→ **Aim of the exercise**
When you reach the line that contains "Ponferrada presenta un", please begin copying, and carry on exactly to the last line of the material, leaving out every picture.

==== Source material

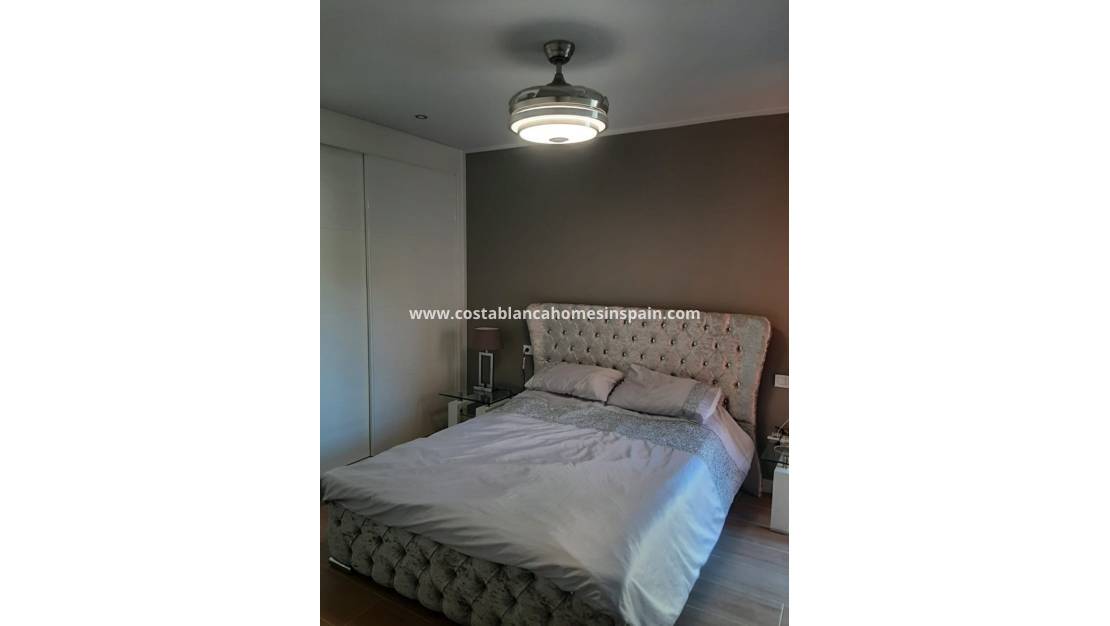 Revente - Apartment - Villamartin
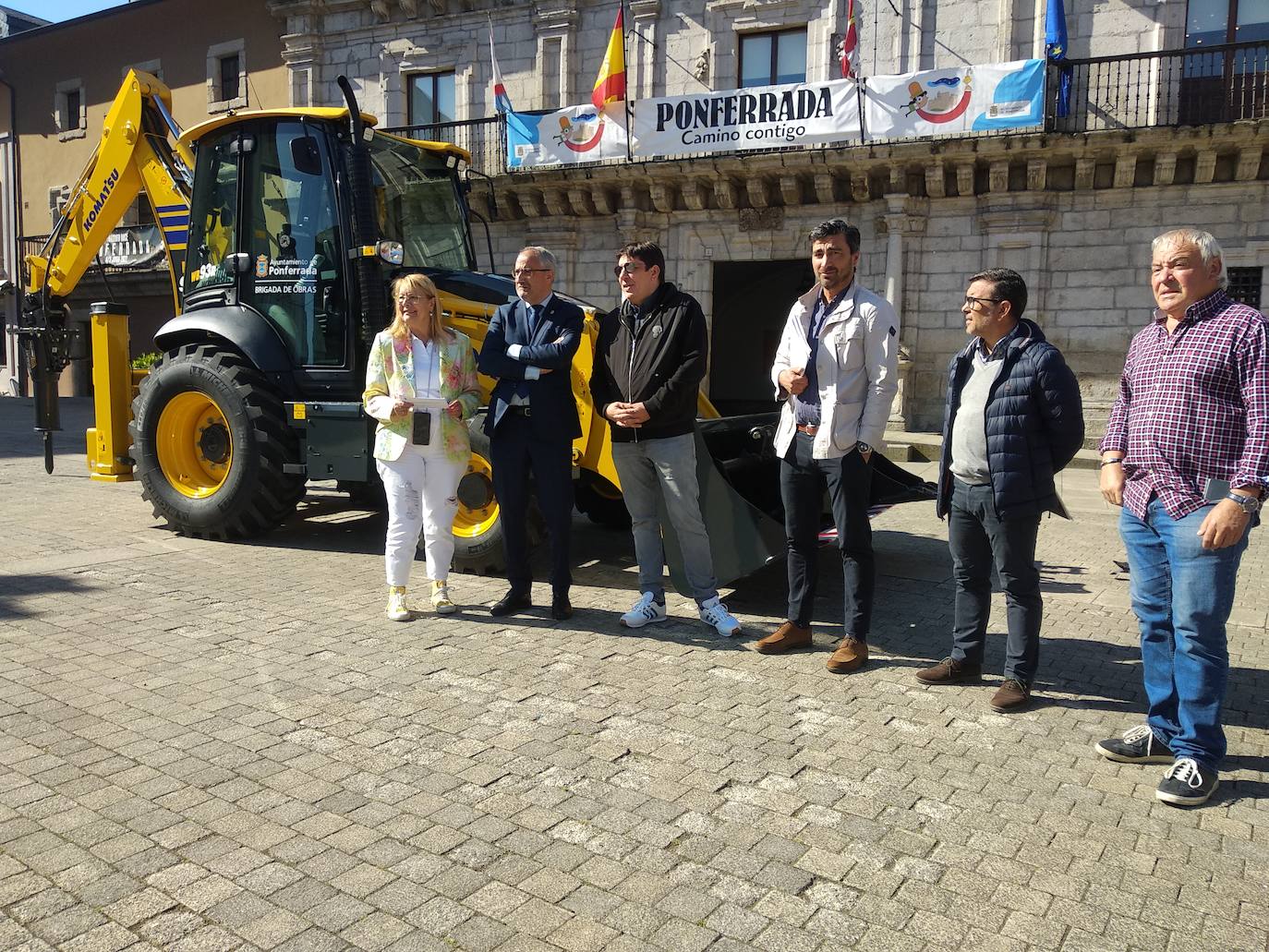 Ponferrada presenta un nuevo vehículo para la Brigada Municipal de Obras.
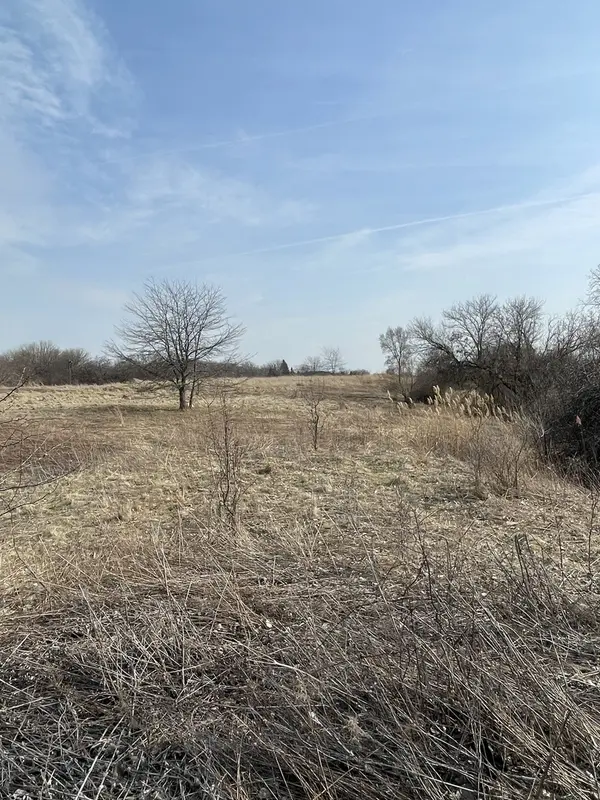 1055 E Grand AVE, Lindenhurst, IL 60046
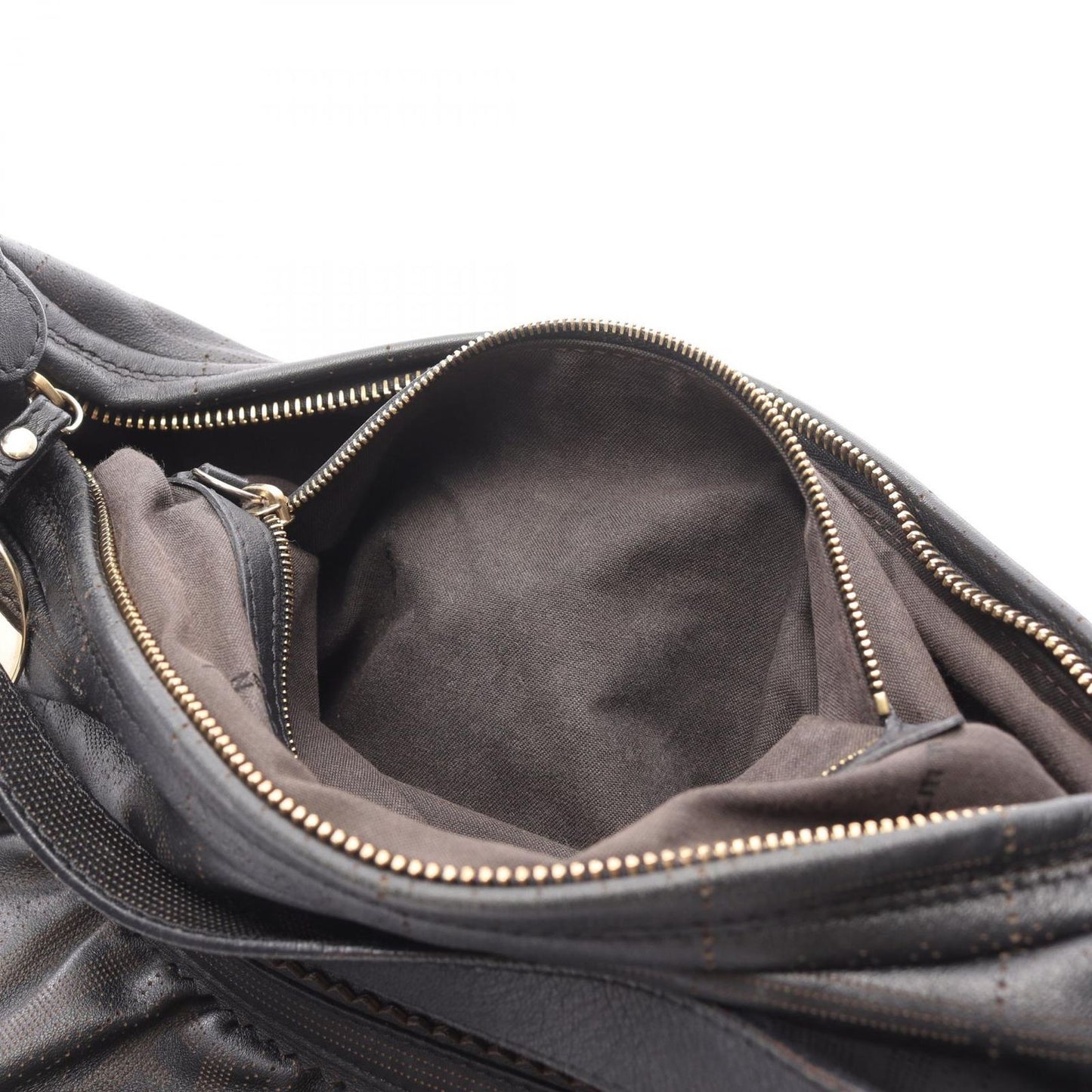 FENDI Black Leather Shoulder Bag - Timeless Elegance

========

→ **Output**
 Ponferrada presenta un nuevo vehículo para la Brigada Municipal de Obras.
 1055 E Grand AVE, Lindenhurst, IL 60046
 FENDI Black Leather Shoulder Bag - Timeless Elegance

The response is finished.